Vulnerability Management Goes Much Deeper Than Patching
In 2016, the Large Hadron Collider in Switzerland fell prey to a vicious and devastating attack. The bad actor exploited a vulnerability that researchers at CERN had never considered–small furry animals.
Yes, the Large Hadron Collider, the pinnacle of scientific achievement, was shut down by a weasel. The cunning critter infiltrated their systems (crawled into one of their tubes) and executed a targeted attack (chewed up a power cord). Research into the Higgs-Boson was delayed for weeks while they got systems back online.
Now, in 2024, CERN is more concerned about an increasingly common (and far less adorable) style of attack: ransomware. In a January blog post, their computer security team wrote that “the base question is not ‘if’ but ‘when’ CERN will be subject to a ransomware attack.”

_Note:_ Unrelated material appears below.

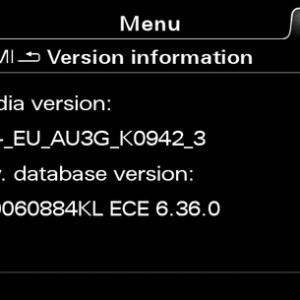 AUDI MMI 3G PLUS 6.36.0 HDD SAT NAV ACTUALIZACIÓN DE MAPAS SD EUROPA 2023-2024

While CERN knows (better than most) that it’s impossible to protect against every threat that weasels its way into your systems, their plan to guard against ransomware gangs hinges on good old fashioned vulnerability management tactics.
And they’re not alone. The concept of vulnerability management has been around for a while, but in the last few years it’s been steadily gaining momentum and interest, in part due to tougher laws and compliance standards.
But for this wave of investment in vulnerability management to actually translate to better security, it has to go deeper than check-box compliance. And that starts with establishing a shared definition of what vulnerability management actually means.
What Is Vulnerability Management?
Vulnerability management is the continuous process of analyzing systems for flaws that might make them vulnerable to attack, and then managing those vulnerabilities.
Vulnerability management is a segment of risk management (to the point that many of our sources use the terms interchangeably). But the general agreement is that vulnerability management is more specifically focused on the IT and cybersecurity risks posed to an organization, while risk management includes physical and other categories of threat.
But forgive us while we open a taxonomical can of worms. Because the word “vulnerability” is used to mean a few things when it comes to computing.
The National Institute of Standards and Technology (NIST) defines Vulnerability as: “Weakness in an information system, system security procedures, internal controls, or implementation that could be exploited or triggered by a threat source.”
“Vulnerability,” by this definition, would encompass an intimidating number of weaknesses that attackers could exploit. Unmanaged devices, shadow IT, employees’ unpatched Minecraft mods, end of life software…you get the idea. All of these things, and more, could let bad actors compromise your systems.
But when people use the word in the context of a “vulnerability database,” like the “Common Vulnerabilities and Exposures” (CVE) program, they’re talking about something very specific.
In their case, they’re referring to what NIST would instead define as a Software Vulnerability: “A security flaw, glitch, or weakness found in software code that could be exploited by an attacker (threat source).”
Software vulnerabilities generally fall under the umbrella of patch management.
Patch management is the process of applying updates that vendors release to close up code flaws that they’ve found in their software. It’s sometimes considered to be a subset (note, not the entirety) of vulnerability management.
For the purposes of this article, when we’re referring to the patchable style of vulnerability, we’ll use the term “software vulnerability.” But when we talk about vulnerability on the whole, we’ll be taking a broader view on the wide range of issues that can let bad actors breach systems.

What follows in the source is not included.